The Left Must Re-invent ‘The People’ Now More Than Ever

03 Oct 2024   |   9 min Read
Chanthu S

Challenges before the Indian Left in the political present are many as the country is witnessing rapid changes in society, economy, technology, and development, writes Chanthu S. The changes may appear too fast-paced to predict apart from the unjust and unequal distribution of resources.

Kerala can be marked on the map of left political movements by organized groups and individual activists since the early 20th century. These movements were driven by new ideas aimed at social change. Key figures like Philip Spratt and Benjamin F. Bradley from the British Communist Party supported young nationalists at India House in London as they worked to form the Communist Party of India. Important leaders in this effort included M.N. Roy, M.P.T. Acharya, and C.R. Pillai. At the same time, early communist leaders like Putchapally Sundarayya and EMS Namboodiripad were inspired by the Bolshevik revolutionaries while in jail. In the chaotic 1940s, Communist Party of India (CPI) built its base across Kerala through peasant and working-class movements. From the primarily radical and confrontational approach it adopted in the 1940s, both with the colonial state and the nascent nation-state of India, CPI shifted to parliamentary democracy in the early-1950s. In 1957, Kerala became home to one of the world’s first democratically elected communist governments, with EMS Namboodiripad as its chief minister. Through the periodic Left ministries in Kerala since 1957, the Communist Parties championed several measures, including land reform which had played a crucial role in shaping the development experience of the state. This story is well-trodden ground. Interpreting these histories critically is more important to understanding the current political landscape.

Dilip Menon explores the nature of Marxism in India, highlighting two key phases that shaped the Communist Party of India (CPI) in the 1940s. The first phase featured 'millenarian' tendencies, marked by an emotional and ethical approach rather than a deep engagement with traditional Marxist ideas. In this view, the Soviet Union was seen as the ideal society, where class conflict disappeared and many small farmers owned land.

Over time, this emotional understanding shifted towards a strict, self-contained version of Stalinist Marxism. In this new perspective, Marxism was viewed as the "science of the history of society." Menon points out two main features of this interpretation in Kerala: first, the idea that productive forces develop and that the relationships of production must change accordingly; and second, the concept of five stages of production—primitive communism, slave society, feudalism, capitalism, and socialism—where each stage replaces the previous one. This belief in a linear progression of society emphasized Marxism as a scientific approach to understanding social development.

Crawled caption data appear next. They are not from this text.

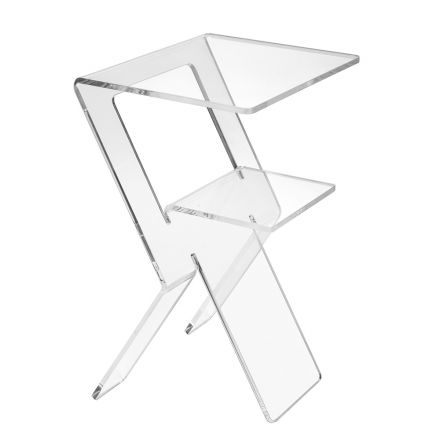Pohovkový stůl z průhledného vnitřního nebo venkovního plexiskla - Platano Viadurini
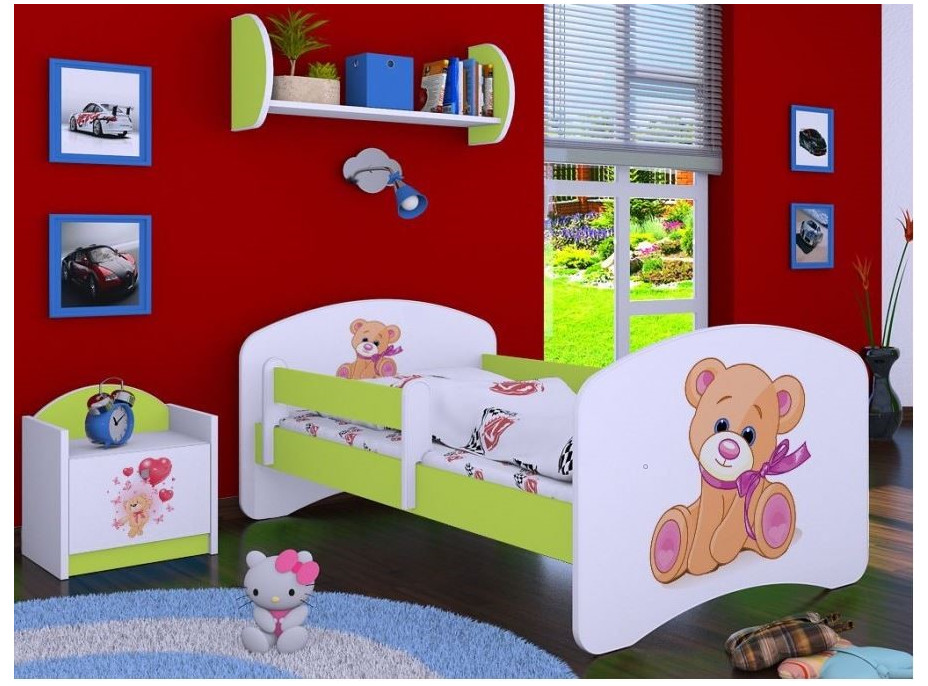 Dětská postel bez šuplíku 180x90cm MÉĎA - zelená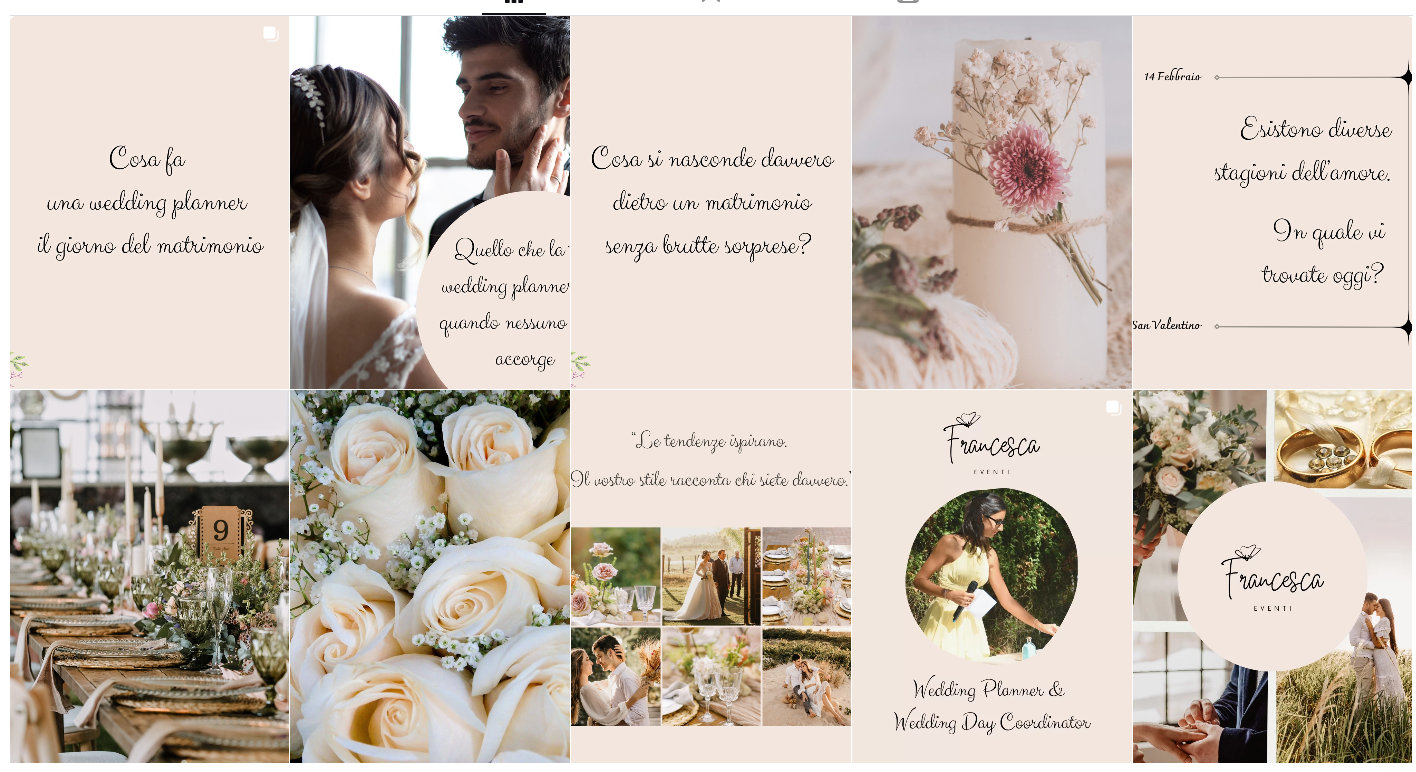 Anteprima dei post Instagram di Francesca Eventi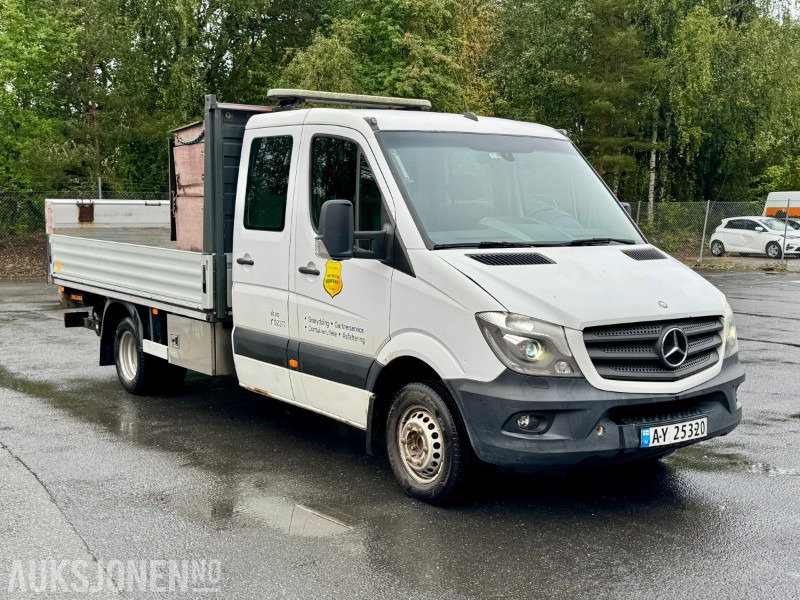 2014 Mercedes-Benz Sprinter 516 CDI planbil, 5-tonn, dobbelkabin, bakløft, lysbjelke - Planbil: bilde 3 2014 Mercedes-Benz Sprinter 516 CDI planbil, 5-tonn, dobbelkabin, bakløft, lysbjelke - Planbil: bilde 3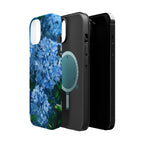 Blue Hydrangea Magnetic Impact-Resistant Phone Case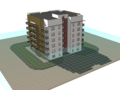 Low-rise residential building in archicad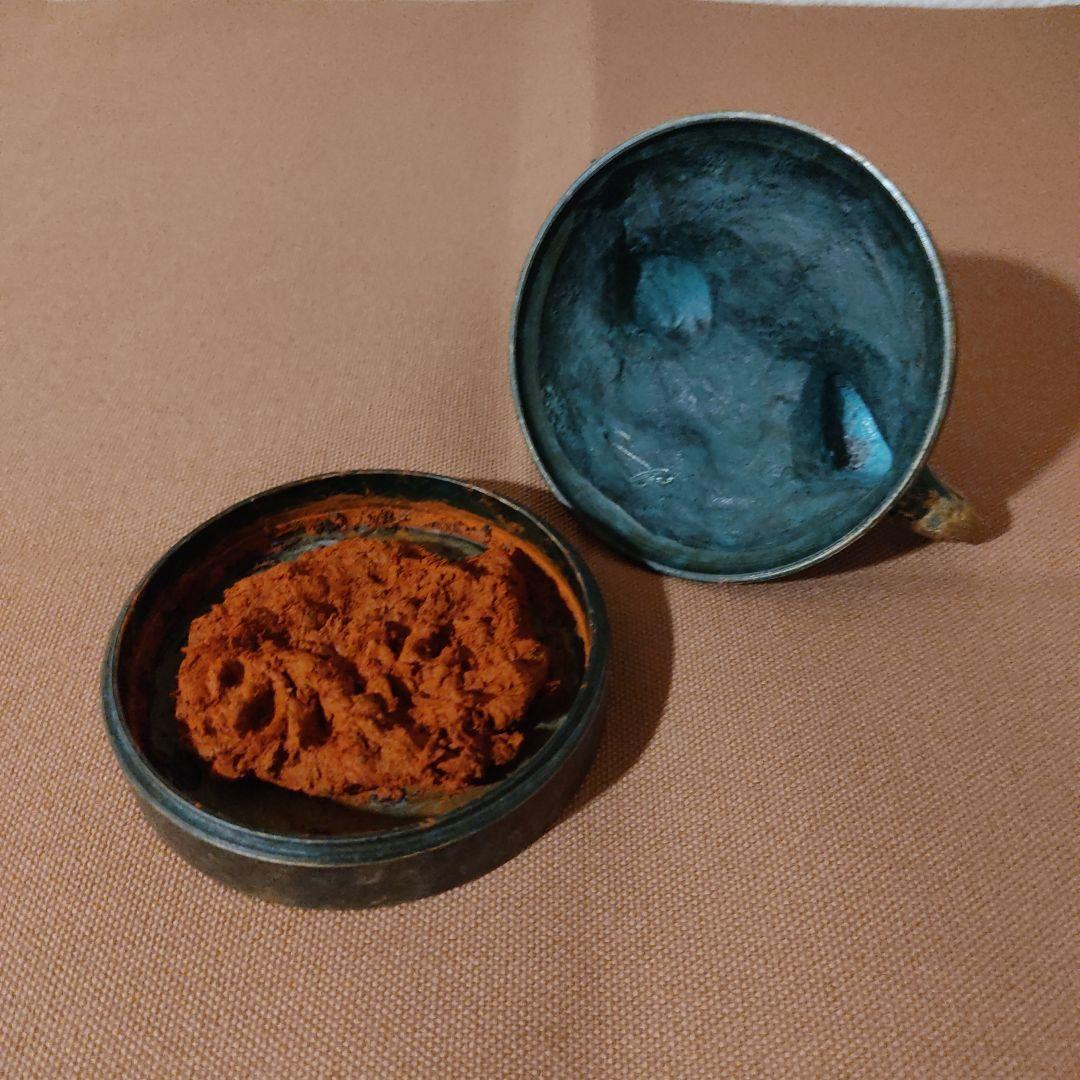 ☆北村西望 飛翔 龍 龍翔 朱肉入れ 共箱☆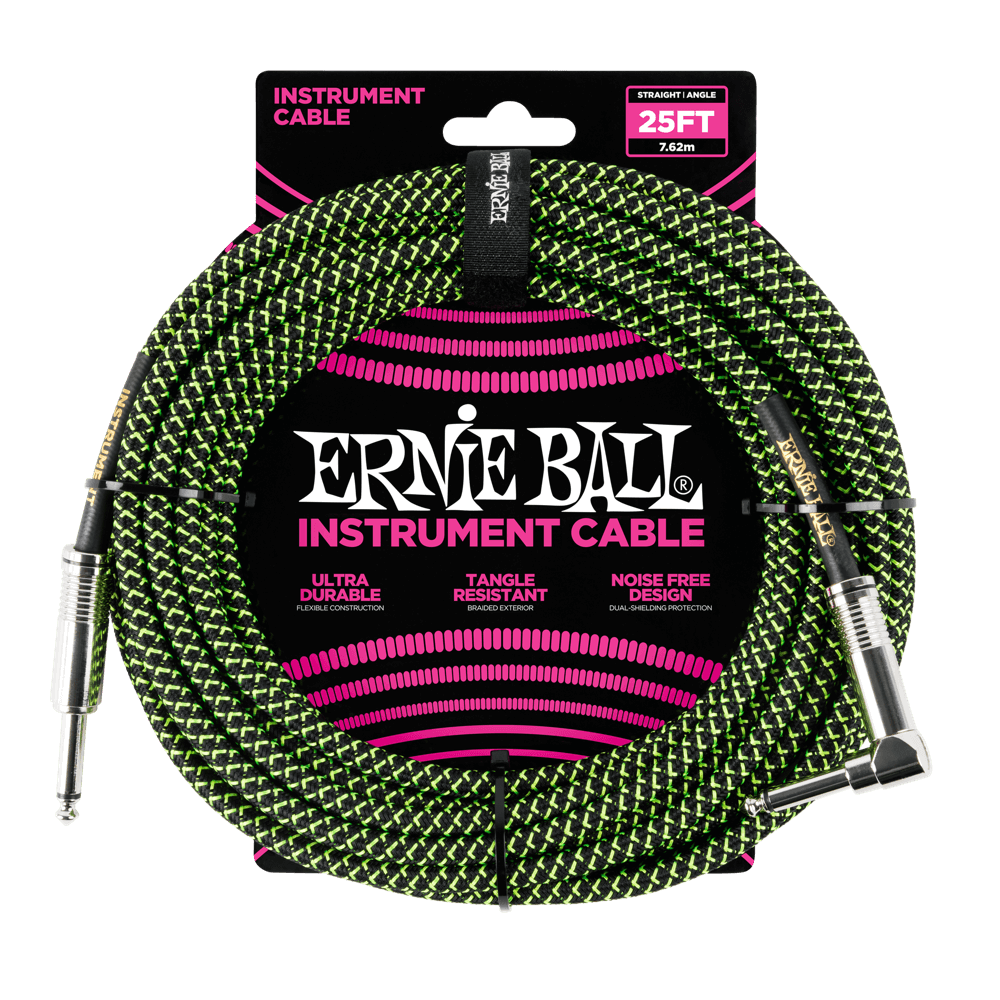 CABLE 1/4 TRESSÉ ERNIE BALL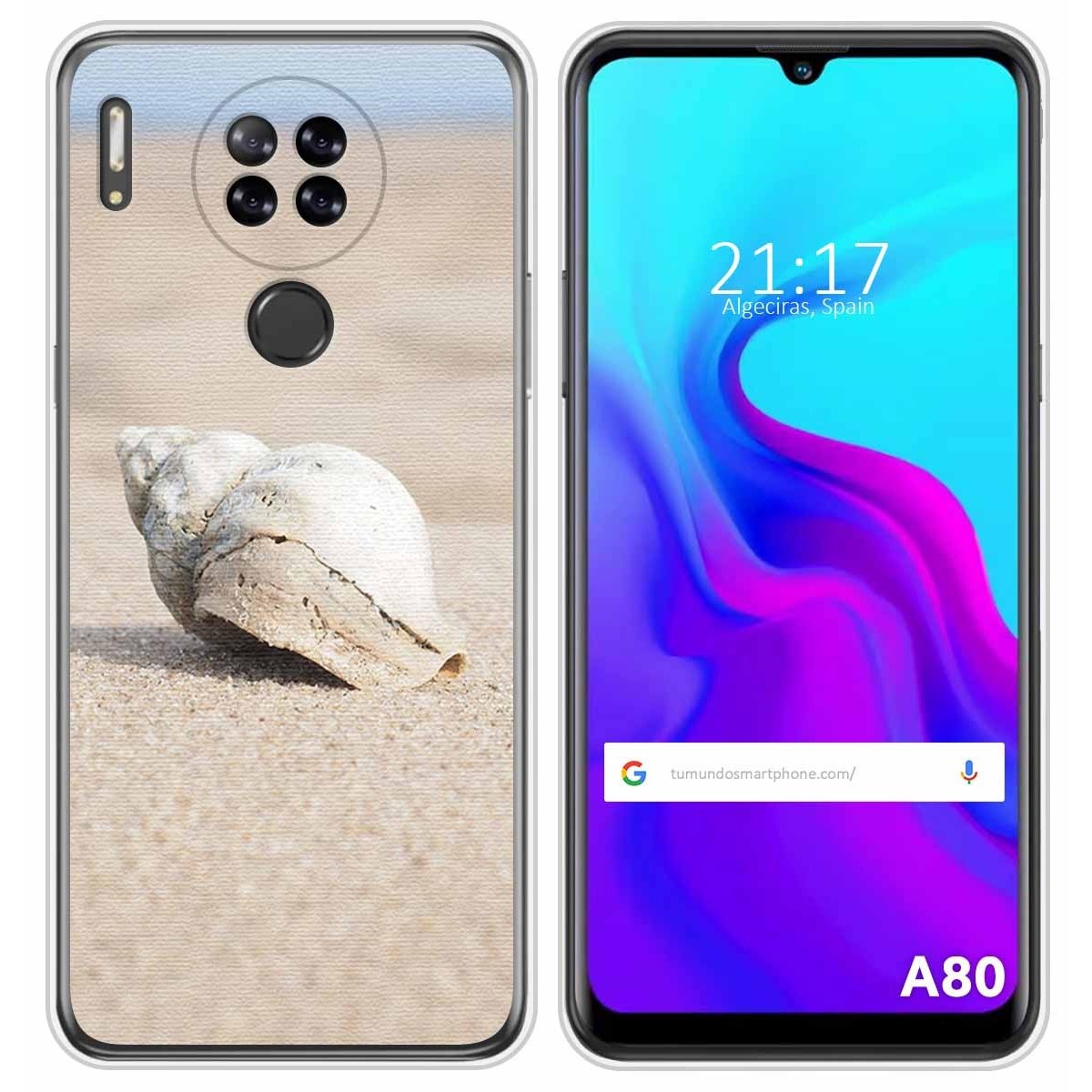 Funda Silicona para Blackview A80 / A80s diseño Concha Dibujos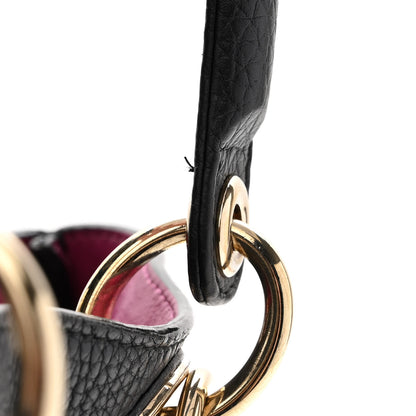 Christian Dior Bullcalf Medium Diorissimo Tote Black Rose Indien 7 of 13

REPRESENTATIVE IMAGE | WIKI COMMONS
Praful Bidwai noted that many Indian communists were not familiar with various leftist theories or critical left-wing literature about the Communist Party of the Soviet Union (CPSU). Sticking closely to a Stalinist version of dialectical and historical materialism, they largely ignored the broader Western Marxist tradition, including the works of Marx and Lenin. This rigid mindset limited their willingness to consider non-Marxist perspectives on Indian society. As a result, they struggled to fully grasp Marxist theory and apply its methods creatively and independently in the Indian context. This lack of understanding made it difficult for them to recognize the realities of the country and develop effective strategies.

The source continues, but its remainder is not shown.